▶ _THE TASK_
Exactly the lines from the one containing "Image for 'Run, Get" through the end of the data below are to be reproduced, and nothing besides them.

[Entries taken from a collection]
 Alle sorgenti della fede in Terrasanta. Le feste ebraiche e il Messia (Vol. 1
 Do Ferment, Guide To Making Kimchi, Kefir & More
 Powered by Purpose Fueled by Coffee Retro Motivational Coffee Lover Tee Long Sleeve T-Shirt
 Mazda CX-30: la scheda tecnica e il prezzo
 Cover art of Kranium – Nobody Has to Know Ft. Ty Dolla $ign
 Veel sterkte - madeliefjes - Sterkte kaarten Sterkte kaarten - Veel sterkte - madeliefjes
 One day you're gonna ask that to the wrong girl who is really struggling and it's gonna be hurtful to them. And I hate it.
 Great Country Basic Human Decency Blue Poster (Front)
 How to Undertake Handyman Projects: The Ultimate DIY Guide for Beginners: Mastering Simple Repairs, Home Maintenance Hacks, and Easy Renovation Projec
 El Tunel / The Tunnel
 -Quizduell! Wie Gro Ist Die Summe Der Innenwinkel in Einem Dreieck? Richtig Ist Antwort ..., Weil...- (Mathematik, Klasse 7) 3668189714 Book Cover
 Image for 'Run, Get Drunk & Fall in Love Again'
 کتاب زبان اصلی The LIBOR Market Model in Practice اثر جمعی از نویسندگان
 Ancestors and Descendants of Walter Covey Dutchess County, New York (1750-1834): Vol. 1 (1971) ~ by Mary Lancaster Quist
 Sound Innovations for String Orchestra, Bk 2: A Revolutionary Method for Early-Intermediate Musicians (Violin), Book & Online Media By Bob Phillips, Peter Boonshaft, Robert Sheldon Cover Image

▶ _RESULT FOR THIS EXERCISE_
 Image for 'Run, Get Drunk & Fall in Love Again'
 کتاب زبان اصلی The LIBOR Market Model in Practice اثر جمعی از نویسندگان
 Ancestors and Descendants of Walter Covey Dutchess County, New York (1750-1834): Vol. 1 (1971) ~ by Mary Lancaster Quist
 Sound Innovations for String Orchestra, Bk 2: A Revolutionary Method for Early-Intermediate Musicians (Violin), Book & Online Media By Bob Phillips, Peter Boonshaft, Robert Sheldon Cover Image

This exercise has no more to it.